Le matin, en revanche, c’est de l’autre côté de l’île, sur la plage de Pink Sands, qu’il faut être dès l’aube : 5 km de grève couleur lait-fraise et une eau turquoise 30 °C lui ont bâti une solide réputation auprès de la jet-set internationale. Brooke Shields, Richard Gere ont leurs habitudes au Pink Sands. Uma Thurman possède une villa sur la dune et l’on peut louer à la semaine (paradisiaque !) la luxueuse Southern Cross, où les journées s’écoulent lentement, à l’ombre des cocotiers ou au bord de la piscine gris bleu, en attendant de dîner (le chef de la maison Fabrice Gomet, ancien de chez Bocuse, excelle dans la langouste rôtie au rhum et à l’ananas !) et de s’endormir dans une chambre toute blanche en écoutant le chuchotement des palmes et des vagues.
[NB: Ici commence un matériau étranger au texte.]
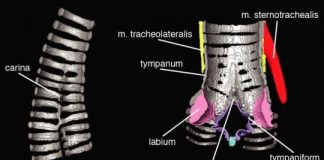 Research: Nothing has a voicebox quite like a bird’s, but cats, mice, and crocs show some similarities —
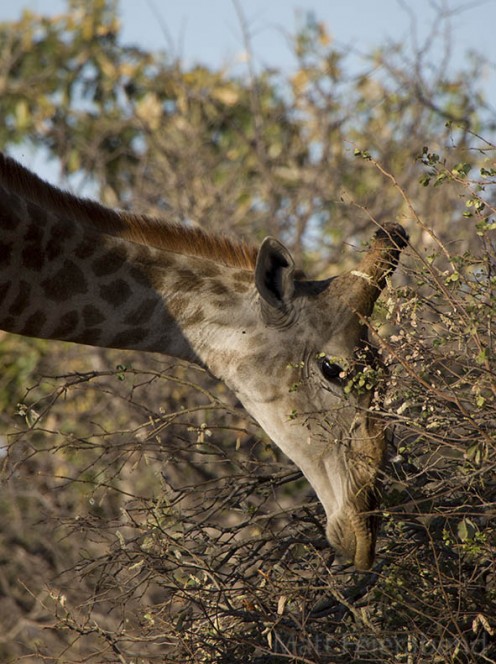 Get close to the animals on a walking safari. Photo: Matt Feierabend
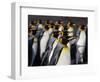 King penguin (Aptenodytes patagonicus) colony. Right Whale Bay, South Georgia-Tony Heald-Framed Photographic Print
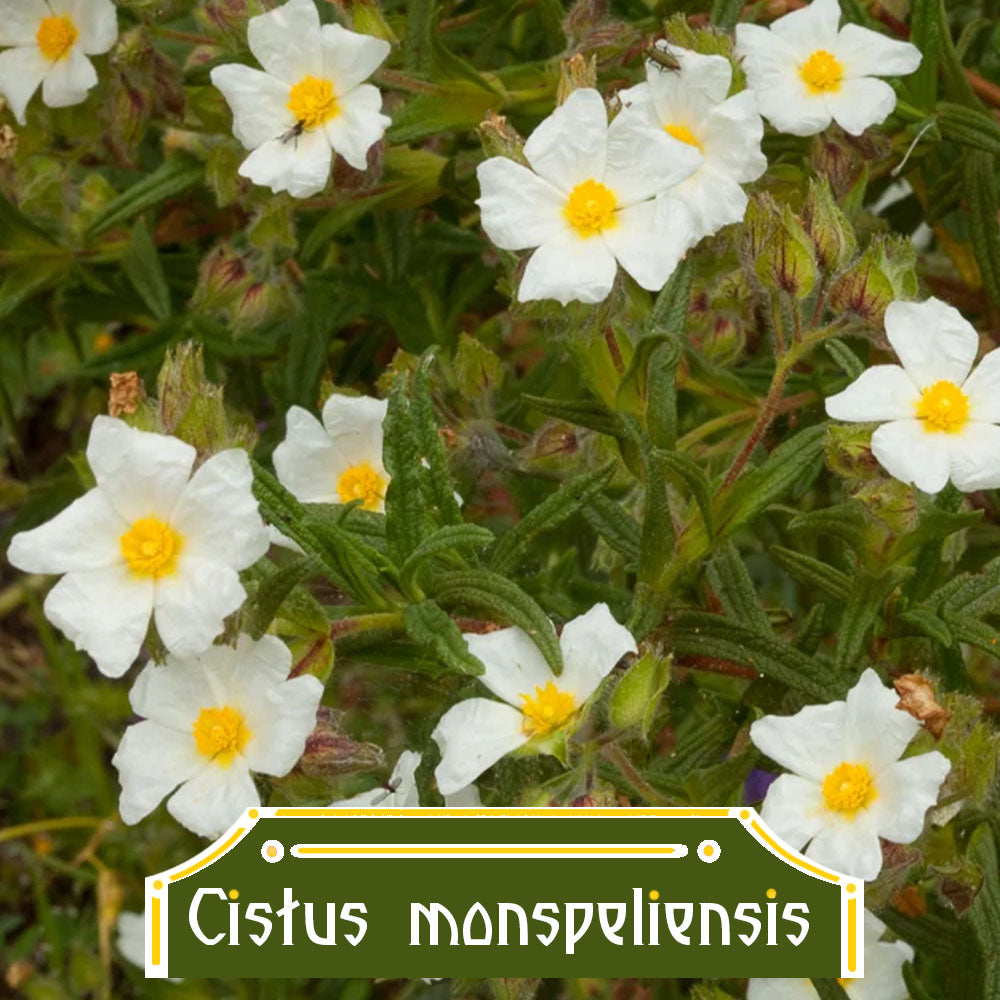 Cistus monspeliensis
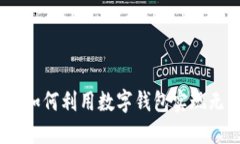 海口数字钱包无损：如何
À l’heure du déjeuner, stars et ordinary people se retrouvent dans l’une des trois jolies adresses ouvertes sur la plage : le Blue Bar du Pink Sands, lambrequins lavande et parasols noirs, le Beach Bar tout blanc de l’hôtel Coral Sands ou Sip-Sip, notre restaurant favori en bleu roi et vert anis, où Julie Lightbourn fait la cuisine bahaméenne simple et goûteuse, à base de fruits, légumes et poisson frais, dont tout le monde a envie. Fille des îles, Julie s’est offertune maison de vacances sur l’île voisine, Eleuthera, où elle retrouve la beauté sauvage des plages de son enfance. Lenny Kravitz, l’enfant du pays, vit lui aussi à Gregory Town une partie de l’année et il n’est pas rare de le croiser, déjeunant d’un Spicy Jerk Wrap au Laughing Lizard Café ou s’offrant une jam session chez Elvina’s le vendredi soir.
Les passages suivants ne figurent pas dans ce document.